The English dictionary found on Linux systems with and without optimizations:
$ cat /usr/share/dict/words | ./hashes.no-opt.bin | column -s';' -t
Things Rep Type Insert Lookup Remove LFind LNotFind LAll Iter
234937 1 oa_hash 0.063s 0.021s 0.013s 0.007s 0.015s 0.021s 0.004s
234937 1 ch_hash 0.063s 0.024s 0.015s 0.007s 0.010s 0.017s 0.007s
234937 1 ptr_hash 0.043s 0.021s 0.012s 0.006s 0.008s 0.014s 0.003s
234937 1 std::unord_map 0.068s 0.039s 0.030s 0.013s 0.012s 0.025s 0.006s
$ cat /usr/share/dict/words | ./hashes.opt.bin | column -s';' -t
Things Rep Type Insert Lookup Remove LFind LNotFind LAll Iter
234937 1 oa_hash 0.039s 0.012s 0.007s 0.003s 0.008s 0.011s 0.002s
234937 1 ch_hash 0.029s 0.012s 0.008s 0.004s 0.005s 0.009s 0.002s
234937 1 ptr_hash 0.026s 0.013s 0.007s 0.003s 0.004s 0.007s 0.001s
234937 1 std::unord_map 0.030s 0.013s 0.014s 0.004s 0.004s 0.008s 0.002s
The test inserts all strings in the table (Insert), looks them all up (Lookup), removes 40% (Remove), looks up all not removed (LFind), all removed (LNotFind), all removed and not removed (LAll), and then iterates over the container.

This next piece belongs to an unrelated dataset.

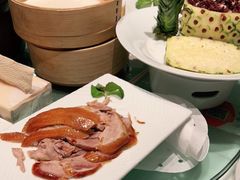 -北京老铺烤鸭(高新店)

2 million, random 20 character strings:
# such as these
$ cat /dev/urandom | tr -dc '[[:print:]]' | head -c $((20 * 2000000)) | sed -E 's/.{20}/&\n/g' | head -n5
|x=>gF~LJu}0zw;X3~_-
BpBj.+VwsF}\%*#K!q#:
<h{ArG"P_cF*,|.`4Bcc
+/XE>ytPbm"J}%6. *+9
pgt=3NRPCQ8abyxGnO7:
$ cat /dev/urandom | tr -dc '[[:print:]]' | head -c $((20 * 2000000)) | sed -E 's/.{20}/&\n/g' | ./hashes.no-opt.bin | column -s';' -t
Things Rep Type Insert Lookup Remove LFind LNotFind LAll Iter
2000000 1 oa_hash 0.935s 0.400s 0.238s 0.128s 0.228s 0.349s 0.077s
2000000 1 ch_hash 0.926s 0.469s 0.291s 0.145s 0.223s 0.369s 0.115s
2000000 1 ptr_hash 0.782s 0.446s 0.272s 0.139s 0.211s 0.349s 0.069s
2000000 1 std::unord_map 1.070s 0.628s 0.494s 0.232s 0.233s 0.457s 0.143s
$ cat /dev/urandom | tr -dc '[[:print:]]' | head -c $((20 * 2000000)) | sed -E 's/.{20}/&\n/g' | ./hashes.opt.bin | column -s';' -t
Things Rep Type Insert Lookup Remove LFind LNotFind LAll Iter
2000000 1 oa_hash 0.672s 0.321s 0.194s 0.101s 0.159s 0.257s 0.028s
2000000 1 ch_hash 0.632s 0.364s 0.180s 0.104s 0.121s 0.198s 0.029s
2000000 1 ptr_hash 0.559s 0.297s 0.157s 0.079s 0.121s 0.196s 0.025s
2000000 1 std::unord_map 0.706s 0.439s 0.327s 0.160s 0.123s 0.233s 0.063s
It fares pretty well against the std::unordered_map. This is not an attack on STL. Gtsc's hash tables are not subject to a standardized library, so they take a few liberties here and there. Like using pools to avoid malloc() and free(). Also, templates make possible certain inlinings which you simply cannot easily or reliably approach in C. Like inlining comparison and hash functions. This is factored out in the tests. If it's allowed, then it's really difficult to beat std::unordered_map's lookup speed.